§ **DATA UNDER STUDY**:
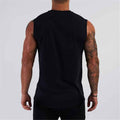 Fashion Men's Fitness Vest T-shirt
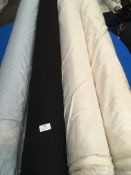 Four Rolls of DNK Fabric Assorted Colours and Lengths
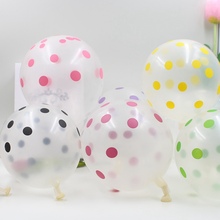10pcs lot 14 inch thick transparent little pearl latex balloons balloon floating Christmas Wedding Party Home Decoration Toys
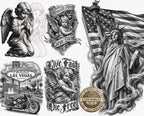 Chicano Design Kit Bundle - 1,000+ Procreate Stamps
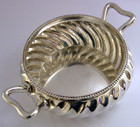 Stunning Heavy Dutch Solid Silver Bowl 1900 Victorian Antique 196g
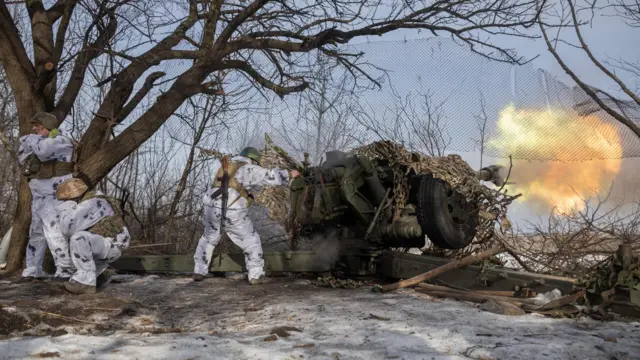 Fighting in Donetsk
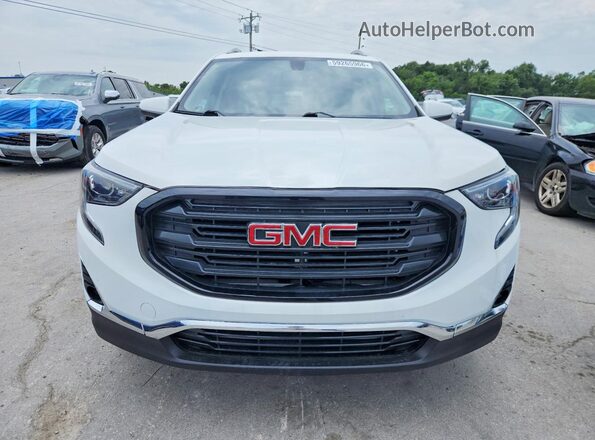 3GKALVEX6KL280810 2019 GMC TERRAIN White Front view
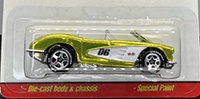 Hot Wheels Classics 1958 Corvette Spectraflame Yellow
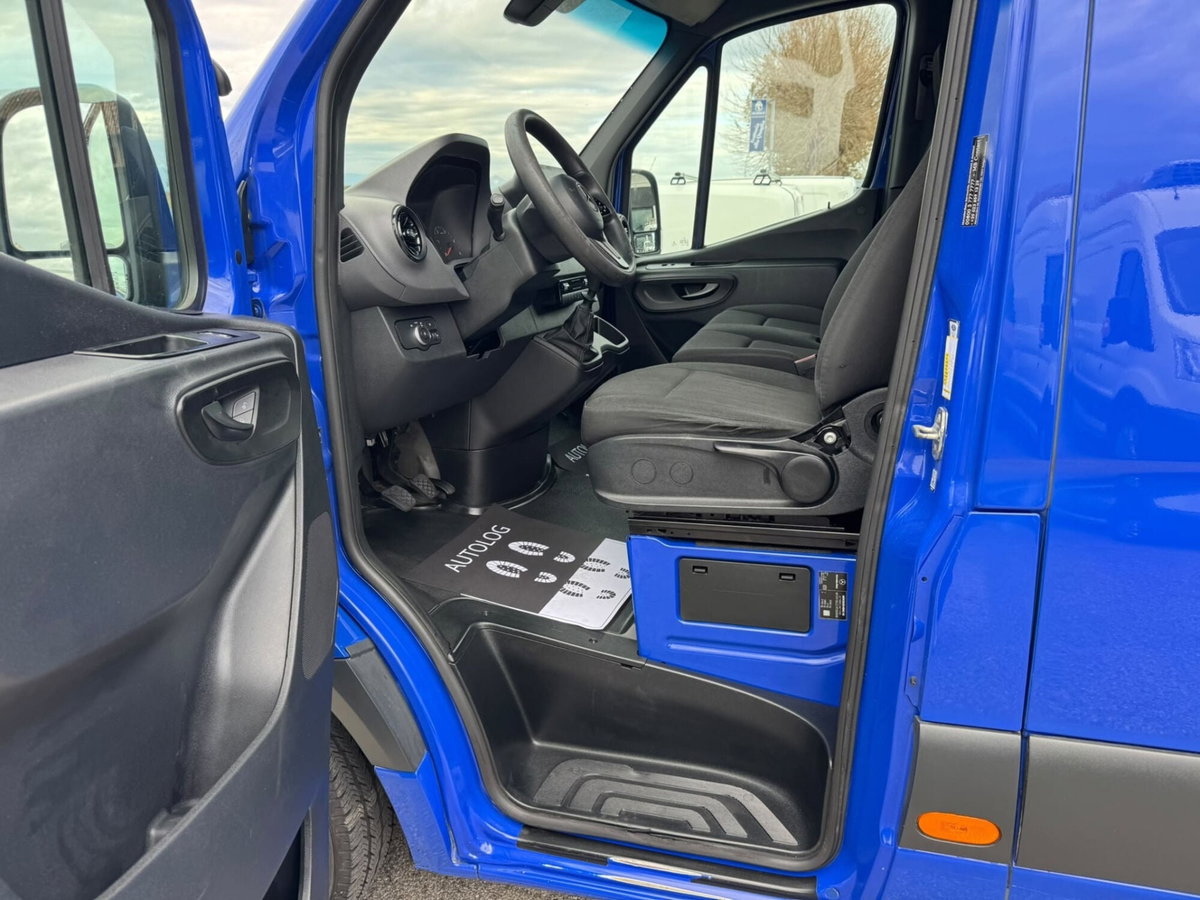 Mercedes-Benz Sprinter F39/35 311 CDI FWD TA Furgone (11)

§ **WHAT YOU SHOULD DO**:
Could you write out all the records exactly, without the pictures?

§ **OUTPUT**:
 Fashion Men's Fitness Vest T-shirt
 Four Rolls of DNK Fabric Assorted Colours and Lengths
10pcs lot 14 inch thick transparent little pearl latex balloons balloon floating Christmas Wedding Party Home Decoration Toys
 Chicano Design Kit Bundle - 1,000+ Procreate Stamps
 Stunning Heavy Dutch Solid Silver Bowl 1900 Victorian Antique 196g
 Fighting in Donetsk
 3GKALVEX6KL280810 2019 GMC TERRAIN White Front view
 Hot Wheels Classics 1958 Corvette Spectraflame Yellow
 Mercedes-Benz Sprinter F39/35 311 CDI FWD TA Furgone (11)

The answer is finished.